Many Ponies Can Act Together

While experimenting and reading about the recently announced Pony Programming Language I started thinking about the problems the current kind of applications are facing.

Scalability is a major topic of interest and discussion. All web start-ups dream of being the next Google or Facebook so any web service needs to be ready, for example, to support 1 user on day 1 and a million the next day. Only a few services require to react to that kind of variation but any kind of variation presents a challenge. Either you have have resources for the maximum demand possible or you have to either act in anticipation or react quickly.

Infrastructure

The infrastructure side of it, that is, the machines and networks needed to serve the amount of users you have and the ability to scale up or down those resources can be obtained as a service. The IaaS services like AWS, Google Cloud, or Azure allow you, in the very minimum to react from 1 user to a million in a day. Some of them even allow to dynamically scale based on a schedule (prediction) or metrics (reaction).

This is great, this is all great. The infrastructure part is still evolving fast but seems solved. If you don’t want to think about that part, there are services you can buy and they will do the job. Nevertheless you need to be able to take advantage of the infrastructure.

Scalable web applications

The service needs to be developed in a way that can take advantage of a dynamic infrastructure without being so complex that, while you can scale from 1 machine to several in minutes, you can’t develop a new feature without days of integrations, testing, or bugs. Some recent advancements - or trends - have changed how web applications are developed and led to some of the manageable scalability that was truly needed.

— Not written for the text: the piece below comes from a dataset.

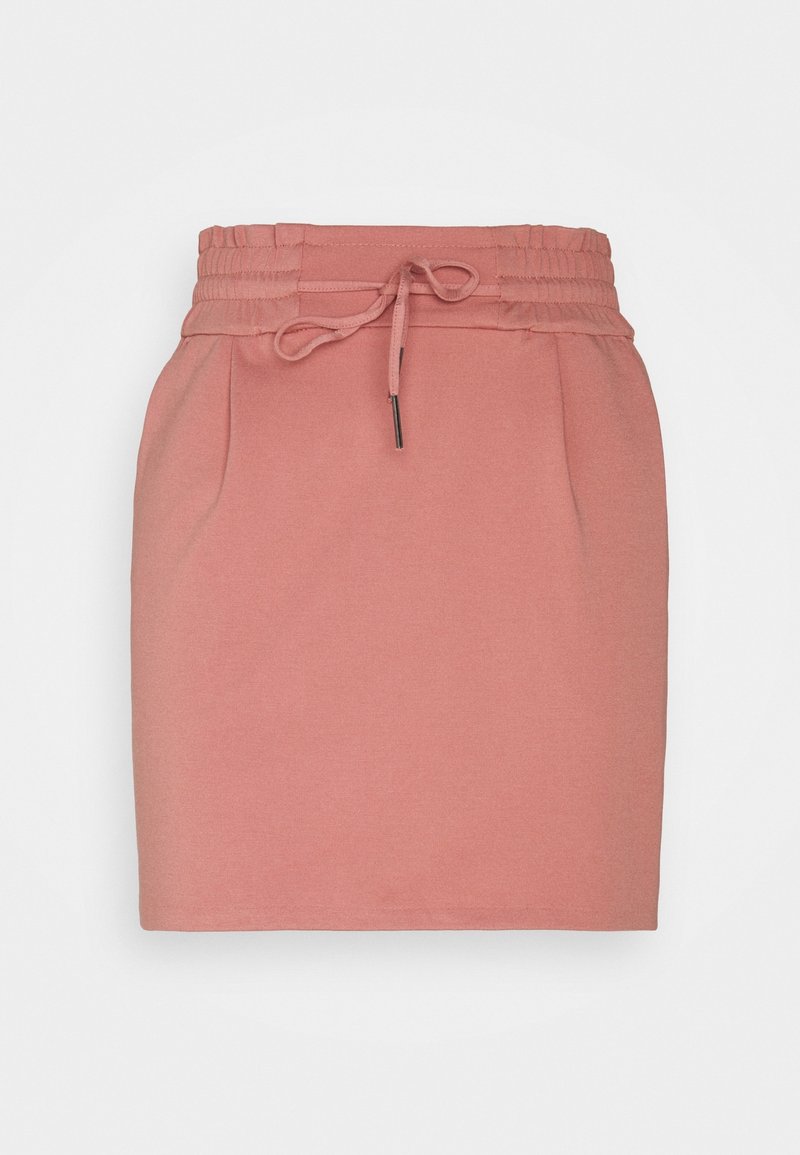 Jupe rose poudré longueur genou avec taille élastique et lien à nouer, présentant des plis discrets à l'avant et une coupe droite.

The popularization of REST allowed the recognition of the layered nature of the web and the constraints needed for scalable web applications. With REST, the idea that an application is essentially broken in two, and that an explicit API is needed between the client and the server, allowed a proliferation of reusable JSON services. The trend is still going and peeking with single-page applications (SPA).

The server provides a stateless API which allows to break the service in multiple components or, for scale, add more servers to share the load. The client keeps the entire application state and only communicates with HTTP requests to the server. It’s evident this scales and, from the point of view of the web developer, it scales perfectly as the load is beared by the client. If you jump from 1 to 1 million users then your client layer has scaled to 1 million hosts. This does not count getting the resources for the application but that’s also part of the API which you can scale and optimize with cache.

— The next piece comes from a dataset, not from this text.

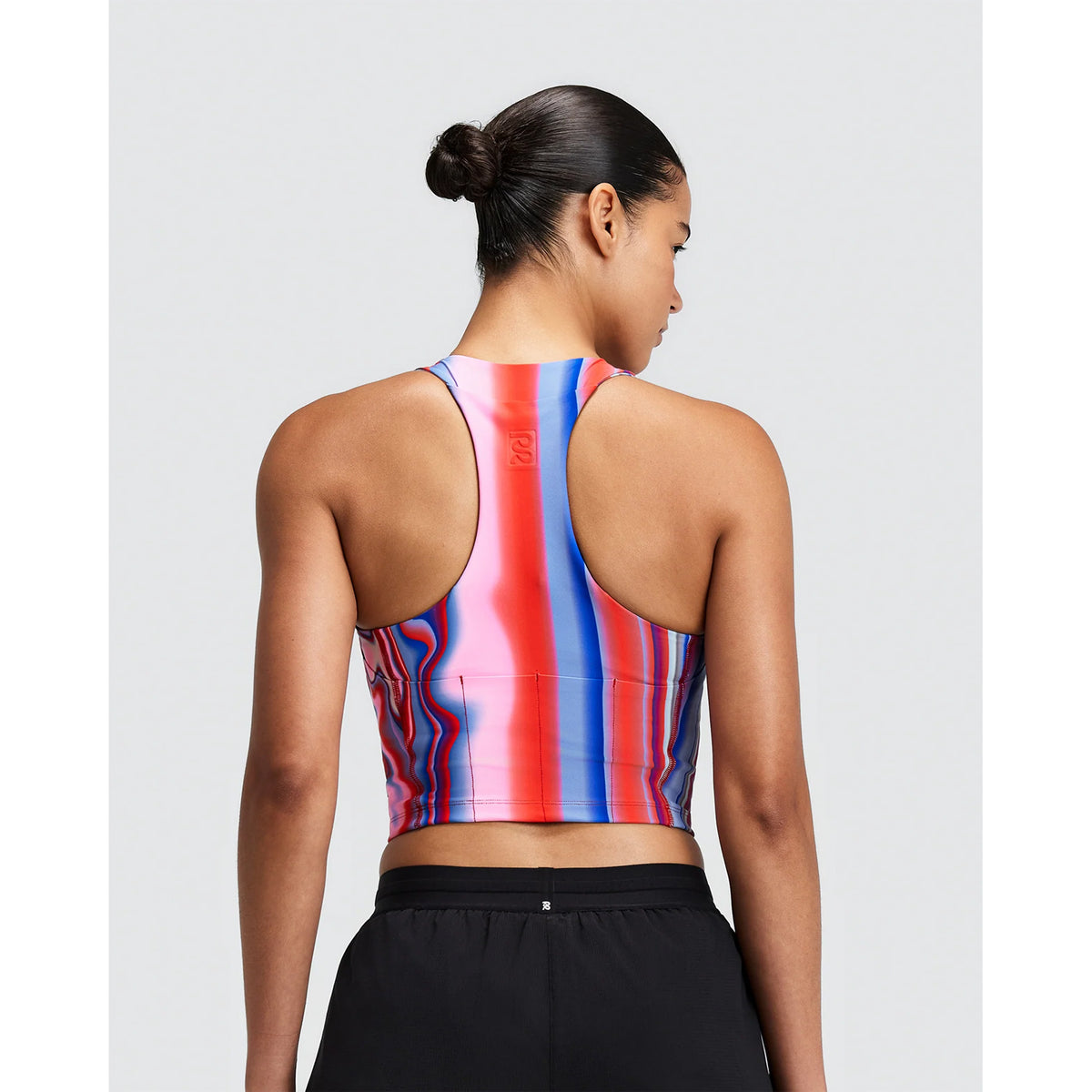 Back view of a person wearing a Bandit Women’s Vanisher Race Crop Melted Stripe Gradient in red, pink, and blue stripes with black shorts.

It’s a little more complex to develop and maintain. You have to to use a lot of simple patterns the communication between server and client. But simple patterns and a explicit interface still keep things predictable and manageable.

Micro Services

More recently that scalability was expanded with Micro Services. It defends the same style of decoupling but now between several pieces of the server. It also addresses the ability to replace a particular function of the system without affecting the rest (continuously deliver small improvements). Nevertheless, once you decouple components with a clear REST interface you have micro scalability. You can scale only some functional components and not everything together.

Life was great if not for the burden of keeping it all up. Yes, you can quickly fix and roll out the problem with the “moderation service” without affecting any of the other, in the application. But you have to be able to manage it all. It requires good design and organization because if you miss it, then all those APIs that where there to allow quick and independent change and to permit scaling out the component, turn against you.

Good Enough

… And it’s all communicating with HTTP request-replies. The amazing thing is that it works most of the time. Sometimes the user gets created, in the store, but sending the confirmation email fails? Just let the user register again and reuse the account. Or let the user do a “Recover Password” to get to a known state again. You would probably implement those features anyway anyway and it’s easier than to make a distributed transaction.

This “is good enough” strategy is a power-full strategy. It allows to just do something and then, at the end, realize the problem you didn’t want to happen, like losing data, is quite rare and there are simple ways to minimize it even further. If you started by solving the problem, so that it never happens, you could not have started at all. For example, all those eventually consistent systems optimize for availability. What is important is to be there, and not to always be right. For most users, in Facebook for example, missing one post or not having the true number of likes shown in a post is not life-or-death. And the realization that this is acceptable by users, in many scenarios, allowed a proliferation of eventually consistent solutions.

Still, it would be nice to be able to be both. Be able to always respond with the right answer.

Actors

So what does the actor model brings to the table. The model exists since the 70s but is particularly relevant now because of the kind of architectures being used. The massively parallel and distributed solutions have to deal essentially with massive concurrency and faults. Since the actor model is based on concurrency units - the actors - and asynchronous messages I would say it fits very well. At least the problems of distribution and concurrency do not even exist in the actor model. Obviously you get new problems but not the ones we know are though in these kind of applications.

If we adopt a micro-service architecture, with all its management cost, for the benefits of continuous delivery. Adopting the actor model seems a safer bet. For example, in Pony, the aim is to allow you to write and maintain what is essentially a monolithic application and have the runtime identity, distribute, and scale the micro-services automatically. At least that is the expectation and it would be fun.